Chilled negotiations are having to cover exchange rate lifts and how much will be returned to the farm gate is yet to be seen.
Some analysts are predicting early lamb prices of $6-$6.20/kg but only briefly, with values falling to an unsustainable $5.10-$5.25 in January 17.
With so much farm profitability dairy focused, the sheep sectors demise has gone under the radar, but if these levels do eventuate in a year where Beef and Lamb NZ predicts 700,000 fewer lambs, the financial pressures will shift to sheep farmers.
Many of the early lambing areas in the south and east of both islands are still dry but report good survival at lambing although are concerned how they will feed them.
Local trade prices are rising faster in the north than in the south, but average Canterbury saleyard values for prime lambs are now in the $123-$127 range.
WOOL
This week’s South Island wool sale was again weaker and vendors only sold 78% of the sale, in spite of offering some of the best pre lamb fleece of the season
The European buyers continue to dominate the sale and the lack of Chinese activity is a worrying trend.
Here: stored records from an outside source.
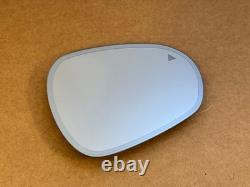 Alfa Romeo Giulia OEM RIGHT mirror glass with dimming heating Blind spot zone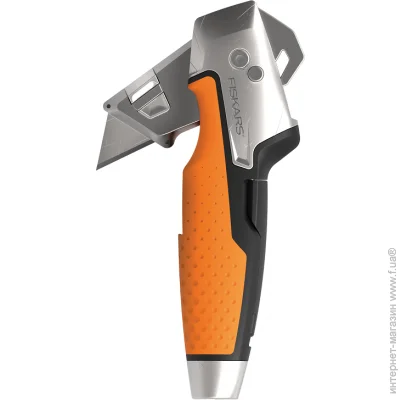 Строительный нож Fiskars Малярный нож CarbonMax (1027225) Строительный нож Fiskars Малярный нож CarbonMax (1027225)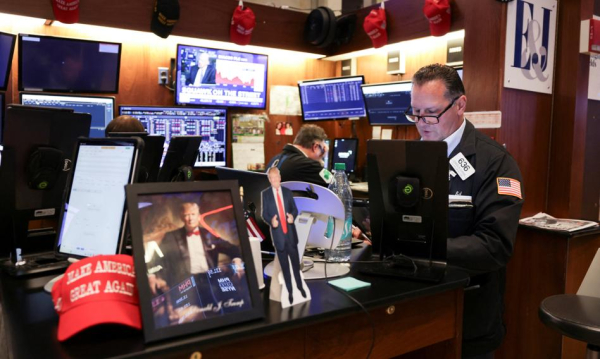 Kryzys naftowy i spadek zatrudnienia. S&amp;P500 kończy najniżej od grudnia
Fine wools also eased back in price to now sit at Australian levels, although the offering of high tensile strength Merino wools, attracted good premiums.
BEEF
Beef schedules were stable again this week, as Rabobank predicts that US beef prices at retail will fall 22% this year.
Analysts suggest some readjustment of the manufacturing grades could occur on the back of easing US demand as processors look to recover profits after earlier margins looked thin.
Firstlight Foods have been promoting grass fed wagyu beef calves as an alternative option for beef farmers in the region to fill the gaps from reduced dairy support.
Store stock that is available is receiving strong demand with some young animals selling for more than $3/kg in southern saleyards, and early bobby calf sales seem to be well ahead of last year’s prices.
Local trade schedules in the north have now made $6/kg cwt are are 30c/kg ahead of the south as demand for quality animals builds.
DEER
More stable venison schedules again this week, as demand remains strong but farm gate returns are hampered by the strong Euro against the Kiwi.
Servicing existing programmes and new market initiatives are the focus of all processors as the industry realigns with a reducing supply due to a reinvestment into female breeding stock.
Chilled exports are growing with the shortages with Belgium being where the biggest volumes were sold but the Swiss pay the most per kg.
Velvet production is predicted to grow to 600 tonnes this year with China being the main destination of the product, although industry officials are hopeful the tariff concessions achieved via the NZ- Korea free trade deal will increase the competion between the purchasing countries.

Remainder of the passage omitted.